Forming a core
I am not one who follows convention without questions. I question pretty much everything as opposed to accepting the status quo. Going into a church plant there are a lot of conventions that are accepted. I have read some of the play books and feel most of them fail to account for the least of these. I am not sure, for instance, that an 80 year old man who claims God spoke to him in a burning bush would be qualified to start a church according to the WCA play book. I know that Jesus and Paul and Peter would not pass their standards or accept their assumptions or measure of success.
When I talk to non Christians or Christians who are not hep cats to the Evangelical lingo, they always say that it is cool and then they ask me what the church will do and look like and feel like. When I speak with Evangelicals, they say it is cool, but their first question is always the same. "Have you got your core?"
Now, for those of you who do not speak Christian-ese, the core is a core group of people who you meet with before starting the church. These people are supposed to share your vision and take some role in its beginnings. Elders, deacons, worship leader, greeter, that sort of thing.
Now, this is a church that is meant for people who have given up on church or been wounded/ignored by the church. Someone needs to apologize to these people and help them through this journey of life and not only accept and embrace unconditional love and grace, but know what that means to your life. Frankly, I am great at talking to those people. I KNOW those people. I love those people.
I have been in a panic, because I am not really that good at talking to Christians who have their s### together. It is also hard for me, admittedly, to ask people to be a part of this vision. I can tell them about the vision and minister to people with ease…asking you to follow me on this quest is hard for me. I am still trying to work out why. Maybe I lack confidence, faith, or whatever.

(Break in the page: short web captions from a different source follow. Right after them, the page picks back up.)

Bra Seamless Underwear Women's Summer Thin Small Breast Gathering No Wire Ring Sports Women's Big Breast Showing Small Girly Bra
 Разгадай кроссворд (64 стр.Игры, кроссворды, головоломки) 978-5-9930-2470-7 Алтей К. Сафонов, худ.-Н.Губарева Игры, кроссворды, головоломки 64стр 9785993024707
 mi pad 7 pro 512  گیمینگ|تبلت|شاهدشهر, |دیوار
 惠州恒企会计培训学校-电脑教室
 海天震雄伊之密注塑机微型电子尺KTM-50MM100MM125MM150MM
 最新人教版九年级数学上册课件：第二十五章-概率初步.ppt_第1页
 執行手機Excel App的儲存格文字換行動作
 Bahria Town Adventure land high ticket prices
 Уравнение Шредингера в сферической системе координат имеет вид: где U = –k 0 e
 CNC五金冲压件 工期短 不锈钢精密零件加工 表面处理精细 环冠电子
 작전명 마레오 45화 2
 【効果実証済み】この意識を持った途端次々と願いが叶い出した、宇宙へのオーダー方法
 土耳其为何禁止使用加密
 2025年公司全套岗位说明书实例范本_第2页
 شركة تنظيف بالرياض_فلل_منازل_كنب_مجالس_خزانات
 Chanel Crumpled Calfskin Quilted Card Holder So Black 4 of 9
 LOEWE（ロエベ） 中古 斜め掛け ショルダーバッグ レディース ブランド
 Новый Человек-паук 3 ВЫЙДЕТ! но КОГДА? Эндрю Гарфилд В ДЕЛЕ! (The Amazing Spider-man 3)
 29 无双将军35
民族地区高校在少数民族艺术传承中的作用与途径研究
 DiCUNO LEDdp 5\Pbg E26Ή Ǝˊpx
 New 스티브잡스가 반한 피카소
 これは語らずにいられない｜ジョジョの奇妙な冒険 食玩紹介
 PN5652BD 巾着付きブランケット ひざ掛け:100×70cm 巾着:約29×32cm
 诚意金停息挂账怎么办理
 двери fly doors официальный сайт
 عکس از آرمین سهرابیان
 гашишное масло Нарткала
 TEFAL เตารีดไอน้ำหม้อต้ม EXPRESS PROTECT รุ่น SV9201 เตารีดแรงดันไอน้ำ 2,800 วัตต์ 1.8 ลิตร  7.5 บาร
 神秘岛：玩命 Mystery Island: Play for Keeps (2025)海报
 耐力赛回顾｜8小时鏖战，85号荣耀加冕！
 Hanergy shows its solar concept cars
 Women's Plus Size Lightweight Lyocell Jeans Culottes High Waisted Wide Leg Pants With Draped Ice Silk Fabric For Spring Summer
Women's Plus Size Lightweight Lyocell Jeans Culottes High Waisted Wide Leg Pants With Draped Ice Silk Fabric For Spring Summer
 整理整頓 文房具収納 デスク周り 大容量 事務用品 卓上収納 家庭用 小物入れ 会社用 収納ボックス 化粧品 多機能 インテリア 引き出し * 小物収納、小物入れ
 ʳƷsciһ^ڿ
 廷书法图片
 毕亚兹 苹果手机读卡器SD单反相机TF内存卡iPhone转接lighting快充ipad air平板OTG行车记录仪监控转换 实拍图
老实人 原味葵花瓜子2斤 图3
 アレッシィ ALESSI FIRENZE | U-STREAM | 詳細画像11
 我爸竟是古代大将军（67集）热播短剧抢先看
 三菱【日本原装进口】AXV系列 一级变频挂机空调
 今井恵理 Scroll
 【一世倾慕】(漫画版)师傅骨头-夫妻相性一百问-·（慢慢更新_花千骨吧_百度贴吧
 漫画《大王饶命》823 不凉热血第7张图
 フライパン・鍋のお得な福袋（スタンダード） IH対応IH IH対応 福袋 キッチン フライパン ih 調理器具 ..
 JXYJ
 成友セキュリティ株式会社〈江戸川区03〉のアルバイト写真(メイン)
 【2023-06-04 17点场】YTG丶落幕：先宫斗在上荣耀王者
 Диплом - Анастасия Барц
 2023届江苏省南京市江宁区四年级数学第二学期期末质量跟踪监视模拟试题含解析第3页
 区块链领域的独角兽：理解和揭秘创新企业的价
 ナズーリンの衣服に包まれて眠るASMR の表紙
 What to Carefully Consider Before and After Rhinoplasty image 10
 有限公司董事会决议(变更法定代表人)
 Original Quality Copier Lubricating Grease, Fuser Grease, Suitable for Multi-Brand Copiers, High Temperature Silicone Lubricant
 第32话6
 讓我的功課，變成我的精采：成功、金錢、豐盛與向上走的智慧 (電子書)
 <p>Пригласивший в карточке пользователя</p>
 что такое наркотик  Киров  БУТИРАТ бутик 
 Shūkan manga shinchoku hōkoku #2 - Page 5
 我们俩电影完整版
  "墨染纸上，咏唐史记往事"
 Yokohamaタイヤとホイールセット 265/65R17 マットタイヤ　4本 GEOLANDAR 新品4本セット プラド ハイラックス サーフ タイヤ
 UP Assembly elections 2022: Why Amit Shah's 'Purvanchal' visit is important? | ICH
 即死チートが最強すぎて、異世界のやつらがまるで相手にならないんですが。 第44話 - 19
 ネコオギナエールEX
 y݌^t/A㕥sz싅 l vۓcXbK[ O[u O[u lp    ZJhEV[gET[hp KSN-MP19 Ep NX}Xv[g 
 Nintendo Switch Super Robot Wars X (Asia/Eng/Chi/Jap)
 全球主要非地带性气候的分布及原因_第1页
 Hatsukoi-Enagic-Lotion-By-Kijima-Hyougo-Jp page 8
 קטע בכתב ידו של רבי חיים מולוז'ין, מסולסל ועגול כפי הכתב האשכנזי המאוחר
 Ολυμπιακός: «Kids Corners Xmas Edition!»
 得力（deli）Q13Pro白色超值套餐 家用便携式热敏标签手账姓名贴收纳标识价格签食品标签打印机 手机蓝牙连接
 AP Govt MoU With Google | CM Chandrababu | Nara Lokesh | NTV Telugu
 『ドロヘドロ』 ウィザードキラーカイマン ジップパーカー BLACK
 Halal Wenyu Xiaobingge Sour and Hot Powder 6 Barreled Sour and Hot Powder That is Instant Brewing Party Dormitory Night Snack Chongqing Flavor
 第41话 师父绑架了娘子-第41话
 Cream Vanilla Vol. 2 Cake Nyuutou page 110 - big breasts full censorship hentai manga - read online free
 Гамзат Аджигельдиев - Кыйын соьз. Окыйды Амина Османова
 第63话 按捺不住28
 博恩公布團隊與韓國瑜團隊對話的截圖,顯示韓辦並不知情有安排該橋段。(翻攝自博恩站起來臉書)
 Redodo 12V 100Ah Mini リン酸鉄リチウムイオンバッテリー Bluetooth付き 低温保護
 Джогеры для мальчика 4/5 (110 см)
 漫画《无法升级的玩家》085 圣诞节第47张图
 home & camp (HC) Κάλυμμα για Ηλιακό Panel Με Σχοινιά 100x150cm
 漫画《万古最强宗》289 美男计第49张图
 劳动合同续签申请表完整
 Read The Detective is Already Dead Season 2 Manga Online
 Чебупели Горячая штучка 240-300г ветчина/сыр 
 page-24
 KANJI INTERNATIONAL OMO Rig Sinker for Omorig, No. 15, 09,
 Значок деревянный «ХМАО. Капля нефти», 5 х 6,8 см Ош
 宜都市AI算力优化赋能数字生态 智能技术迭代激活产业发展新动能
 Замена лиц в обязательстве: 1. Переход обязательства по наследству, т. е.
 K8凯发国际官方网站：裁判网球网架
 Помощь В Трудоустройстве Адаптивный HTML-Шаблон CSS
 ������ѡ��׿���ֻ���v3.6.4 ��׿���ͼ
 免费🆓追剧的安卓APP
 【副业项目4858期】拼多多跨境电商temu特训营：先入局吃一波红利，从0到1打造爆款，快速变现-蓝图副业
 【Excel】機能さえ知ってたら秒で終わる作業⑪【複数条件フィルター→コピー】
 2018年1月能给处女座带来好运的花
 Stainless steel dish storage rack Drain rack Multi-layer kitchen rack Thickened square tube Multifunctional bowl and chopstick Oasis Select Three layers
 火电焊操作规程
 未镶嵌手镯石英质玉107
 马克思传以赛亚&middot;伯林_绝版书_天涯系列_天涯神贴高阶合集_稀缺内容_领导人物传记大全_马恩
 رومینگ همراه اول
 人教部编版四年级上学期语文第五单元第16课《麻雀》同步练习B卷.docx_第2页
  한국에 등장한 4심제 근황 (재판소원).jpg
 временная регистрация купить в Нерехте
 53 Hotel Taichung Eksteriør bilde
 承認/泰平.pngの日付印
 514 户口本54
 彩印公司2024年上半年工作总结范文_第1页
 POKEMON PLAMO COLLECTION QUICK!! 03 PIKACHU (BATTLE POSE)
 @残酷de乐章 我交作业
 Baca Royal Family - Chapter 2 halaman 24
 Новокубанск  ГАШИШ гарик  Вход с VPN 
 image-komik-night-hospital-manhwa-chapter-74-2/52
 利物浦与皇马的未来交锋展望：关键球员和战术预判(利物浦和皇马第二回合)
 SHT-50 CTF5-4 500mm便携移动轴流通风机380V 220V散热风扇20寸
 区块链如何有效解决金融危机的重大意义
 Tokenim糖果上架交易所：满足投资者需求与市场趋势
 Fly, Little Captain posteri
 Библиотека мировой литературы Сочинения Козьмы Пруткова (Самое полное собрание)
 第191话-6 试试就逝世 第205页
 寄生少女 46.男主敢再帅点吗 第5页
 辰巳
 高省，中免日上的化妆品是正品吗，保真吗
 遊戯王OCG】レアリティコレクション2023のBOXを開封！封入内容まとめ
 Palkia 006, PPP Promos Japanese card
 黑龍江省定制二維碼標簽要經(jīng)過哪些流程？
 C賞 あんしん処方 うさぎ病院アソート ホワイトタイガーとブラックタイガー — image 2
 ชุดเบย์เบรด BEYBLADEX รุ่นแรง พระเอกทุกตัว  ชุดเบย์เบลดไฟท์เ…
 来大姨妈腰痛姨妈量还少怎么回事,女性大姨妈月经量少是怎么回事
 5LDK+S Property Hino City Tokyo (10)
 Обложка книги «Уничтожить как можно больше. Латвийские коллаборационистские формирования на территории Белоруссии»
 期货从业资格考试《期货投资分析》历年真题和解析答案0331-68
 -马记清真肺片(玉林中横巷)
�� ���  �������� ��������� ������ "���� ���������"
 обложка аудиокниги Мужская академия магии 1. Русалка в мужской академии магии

In my Tuesday meeting with Fran we have spent the last two weeks with me trying to work this out. Today, Fran helped shape my vision and my perception on this and take the sting out of it. It seems changing perception takes me back to the core of what this vision is about.
I am looking at the people wrong and trying to fit them into categories. What needs to happen is to just invite people to meet with me over the summer. We have some bbq once every other week and start talking about what it means to be a follower of Jesus and a church and explore this together and let the "core" organically develop from there.
This church is driven by a desire for a real community that changes lives and improives lives and the core needs to reflect that. So, the convention of a core is a good one, but the execution of the core cannot be formula driven.